ABD başkanlık seçimlerine bir yıl kala, silah tekelleri Hilary Clinton’ı maddi olarak desteklemeye başladılar. Bunun yanında, gözetilmesi gereken en son gelişmelerden biri olarak, Amerikan istihbaratının İran’ın nükleer silah ürettiğini yalanlayan raporu, bu konuda yeni-muhafazakarların İran operasyonlarına bir süre yeşil ışık yanmayacağını gösteriyor. Böyle bir operasyonun gerekçeleri, bu istihbarat raporu ile büyük ölçüde ortadan kaldırılmış oldu.
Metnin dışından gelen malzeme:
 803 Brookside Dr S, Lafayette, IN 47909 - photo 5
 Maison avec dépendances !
Bu gelişmeden, şimdilik Irak batağından öteye bir adım daha atılmayacağı ve Irak’taki durumun iyileştirilmeye çalışılacağı sonucu çıkartılabilir. Emperyalistlerin bölge devletlerini ve yerel aktörleri daha fazla dikkate alacağı, bu açıdan dengeci çizginin öne çıkmaya başladığı bu dönem, AB hedefinden büyük ölçüde uzaklaşmış Türkiye’de, TSK’nin daha aktif siyaset yapması için zeminin güçlenmesi anlamına gelmektedir.
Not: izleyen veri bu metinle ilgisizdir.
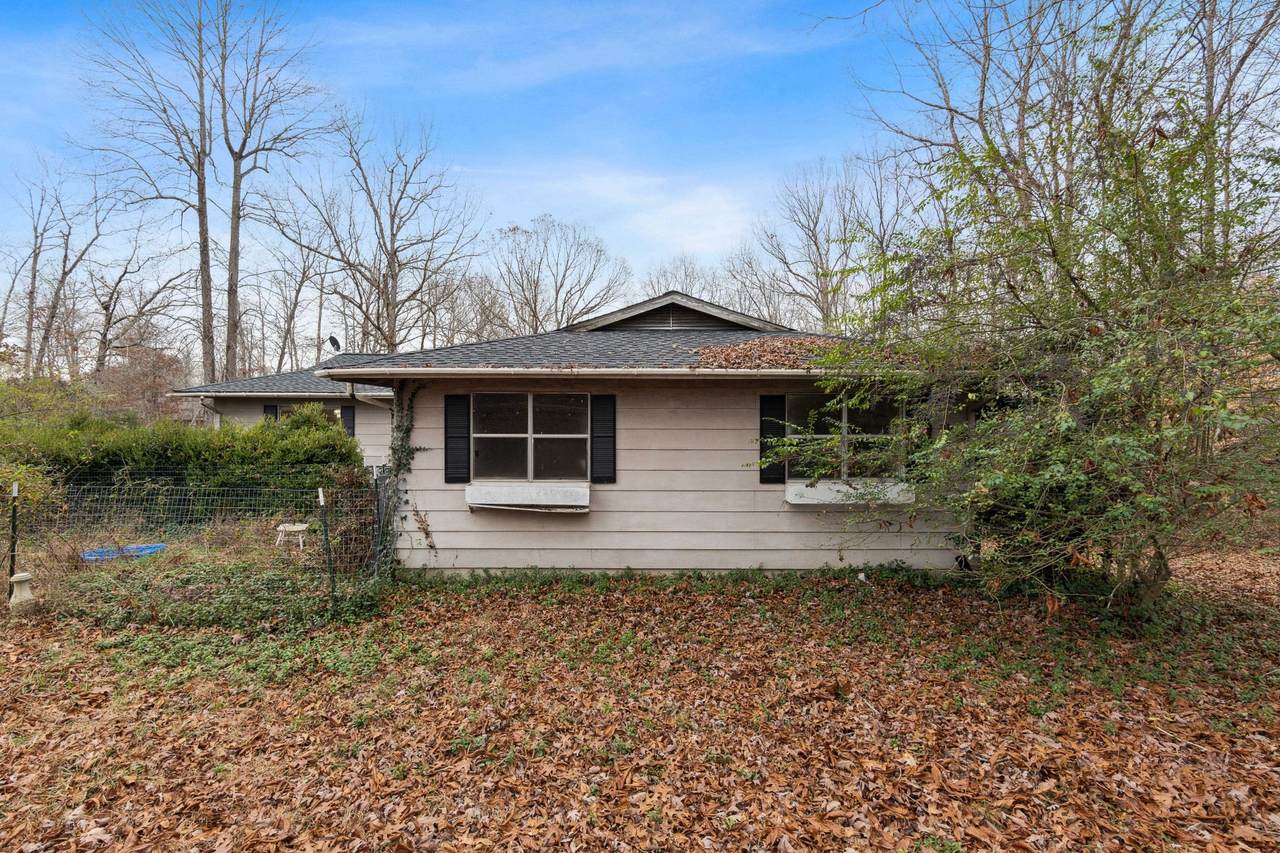 1300 Mount Pleasant Rd - Photo 1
Türkiye’de iç siyaset, başını ordunun çektiği ‘cumhuriyetçi-laik’ statükocularla, AKP’nin öncülüğünü yaptığı ‘liberal-islamcı’ statüko karşıtı bir çizginin –ki ‘demokrat’ kesimlerin de desteğini alarak. çekişmesine sahne olmuştu. Şimdilerde Kürtlere yönelik saldırı temelinde ordu lehine çözülmüş gözüken bu kilitlenme, yukarıda belirttiğimiz gibi, Yaşar Büyükanıt’ın hamleleri ile başlatılan bir sürecin ürünüdür. Ama bu süreç öncesinde, bazı iddiaların aksine ordu ile, oligarşinin temsilcilerinden AKP’nin, balayı dönemi geçirdiklerini söylemek yanlıştır. AKP, BOP çerçevesinde, ‘yeni-Osmanlıcı’ açılımlar içinde hamlelerine büyük bir hızla devam ederken, ordu bu gelişmelere ancak laiklik ve cumhuriyetçilik açısından muhalefet etmeye çalışmıştır. Tabir caizse düşük yoğunluklu bir muhalefet dönemi yaşanmıştır. Bu dönem millici, şoven ve faşist çevreler tarafından, ordu ile AKP’nin uyum dönemi olarak gösterilmektedir. Ve bu ‘uyum dönemi’, bir önceki Genelkurmay Başkanı Özkök’e fatura edilmektedir. Oysa ki ordu, bu dönem boyunca uluslararası tekeller ve oligarşiye rağmen gerçekleştiremeyeceğini bildiği hamlelerden uzak durmuştur. Şemdinli ile başlayan süreç, ordunun politika değişikliğinin, emperyalist merkezlerin politikalarını tartışmalarına ve değişikliklere gitmelerine denk gelmiş, bu değişikliklerin bölgeye yansımasına bağlı olarak şekillenmiştir.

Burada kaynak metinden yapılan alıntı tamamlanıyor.